Робеспьер на троне | страница 28



«Означенное суждение, — пишет проф. Зызыкин, — исходившее из толщ народных, показывает, что превращение православного царя в главу Церкви не прошло без народного протеста, и чуткой народной совести претил царепапизм, как явление порожденное не православием, а языческой культурой до-христианского Рима, и усугубленный протестантским пониманием объема светской власти в церковных делах. Сочинения Феофана, наталкивавшие на сомнения в мощах, в святых, в иконах, и вызванные этим духом мероприятия по свидетельствованию мощей, житий святых, чудес, акафистов, запрещение строить Церкви без разрешения Синода, закрытие часовен, запрещение ходить по домам с иконами — тяжело действовало на религиозные чувства народа. Главными виновниками народ почитал Феофана и Феодосия, этого «апостола лютеранства», по выражению Царевича Алексея Петровича».

В проповеди своей 12 марта 1713 г. в день имении Царевича Алексея Петровича, Стефан Яворский резко осуждал реформу церковного управления на протестантский манер:

«Того ради не удивляйся, что многомятежная Россия наша доселе в кровных бурях волнуется; не удивляйся, что по толикам смятениям доселе не имамы превожделенного мира. Мир есть сокровище неоцененное, но тии только сим сокровищем богатятся, которые любят Господний закон; а кто закон Божий разоряет, оттого мир далече отстоит. Где правда, там и мир.

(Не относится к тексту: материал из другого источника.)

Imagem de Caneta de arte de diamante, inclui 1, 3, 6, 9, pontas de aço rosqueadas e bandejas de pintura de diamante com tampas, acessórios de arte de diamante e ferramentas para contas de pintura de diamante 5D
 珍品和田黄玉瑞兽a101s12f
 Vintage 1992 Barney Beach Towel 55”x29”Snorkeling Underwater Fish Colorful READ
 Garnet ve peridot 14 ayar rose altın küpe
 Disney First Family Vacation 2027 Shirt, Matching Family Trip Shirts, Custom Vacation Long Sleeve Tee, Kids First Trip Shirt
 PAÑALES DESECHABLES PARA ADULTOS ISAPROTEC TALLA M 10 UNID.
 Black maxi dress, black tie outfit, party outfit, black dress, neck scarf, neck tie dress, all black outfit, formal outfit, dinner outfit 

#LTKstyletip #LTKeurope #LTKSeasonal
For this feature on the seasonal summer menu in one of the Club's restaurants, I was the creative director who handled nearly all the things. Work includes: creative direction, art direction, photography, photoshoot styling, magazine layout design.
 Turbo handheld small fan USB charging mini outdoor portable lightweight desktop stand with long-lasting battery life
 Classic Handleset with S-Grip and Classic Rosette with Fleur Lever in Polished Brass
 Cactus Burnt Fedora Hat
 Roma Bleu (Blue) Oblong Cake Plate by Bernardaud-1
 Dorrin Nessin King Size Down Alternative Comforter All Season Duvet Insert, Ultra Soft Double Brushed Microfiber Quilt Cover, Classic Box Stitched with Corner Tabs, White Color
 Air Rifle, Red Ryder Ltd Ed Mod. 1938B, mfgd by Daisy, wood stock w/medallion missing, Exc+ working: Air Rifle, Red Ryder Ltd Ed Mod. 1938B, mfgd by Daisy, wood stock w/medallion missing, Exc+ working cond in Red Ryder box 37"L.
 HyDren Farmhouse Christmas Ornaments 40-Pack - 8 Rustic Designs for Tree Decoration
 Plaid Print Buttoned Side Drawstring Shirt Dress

Море, свирепое море — человече законопреступный, почто ломаеши, сокрушаеши раззоряеши берега? Берег есть закон Божий, берег есть во еже — не прелюбы сотвори, не вожделети жены ближнего, не оставити жены своея; берег есть воеже хранити благочестие, посты, а наипаче четыредесятницу; берег есть почитание иконы. Христос гласит в Евангелии: «Аще кто Церковь прослушает, буди тебе яко язычник и мытарь».

А в проповеди, произнесенной в 1710 году, Яворский говорил: «Сияла Россия, мати наша, прежними времены благочестиям, светла аки столб непоколебимый в вере православной утверждена. Ныне же что? усомневаюся о твердости твоей, столпе непреклонный, егда тя вижду ветрами противными отовюда обуреваема».

«В результате раскола, «в атмосфере поднятой им гражданскорелигиозной войны («стрелецких бунтов»), — по словам русского западника Федотова, — воспитывался великий Отступник, сорвавший Россию с ее круговой орбиты, чтобы кометой швырнуть в пространство».

Г. Федотов ведет родословную интеллигенции от Петра, он пишет, что:

«По-настоящему, как широкое общественное течение, интеллигенция рождается с Петром…» И признав это, он имеет мужество признать то, что обычно не признают русские западники, что «Сейчас мы с ужасом и отвращением думаем о том сплошном; кощунстве и надругательстве, каким преломилась в жизни Петровская реформа. Церковь ограблена, поругана, лишена своего главы и независимости. Епископские кафедры раздаются протестанствующим царедворцам, веселым эпикурейцам и блюдолизам. К надругательству над церковью и бытом прибавьте надругательство над русским языком, который на полстолетия превращается в безобразный жаргон. Опозорена святая Москва, ее церкви и дворцы могут разрушаться, пока чухонская деревушка обстраивается немецкими палатами и церквами никому неизвестных угодников, политическими аллегориями новой Империи…» И дальше Г. Федотов заявляет то, о чем в наши дни хранят уже совершенно гробовое молчание русские европейцы — поклонники Петра и ненавистники большевиков. «…Не будет преувеличением сказать, что весь духовный опыт денационализации России, предпринятый Лениным, бледнеет перед делом Петра. Далеко щенкам до льва. И провалившаяся у них «живая» церковь блестяща удалась у их предшественника, который сумел на два столетия обезвредить национальные силы православия».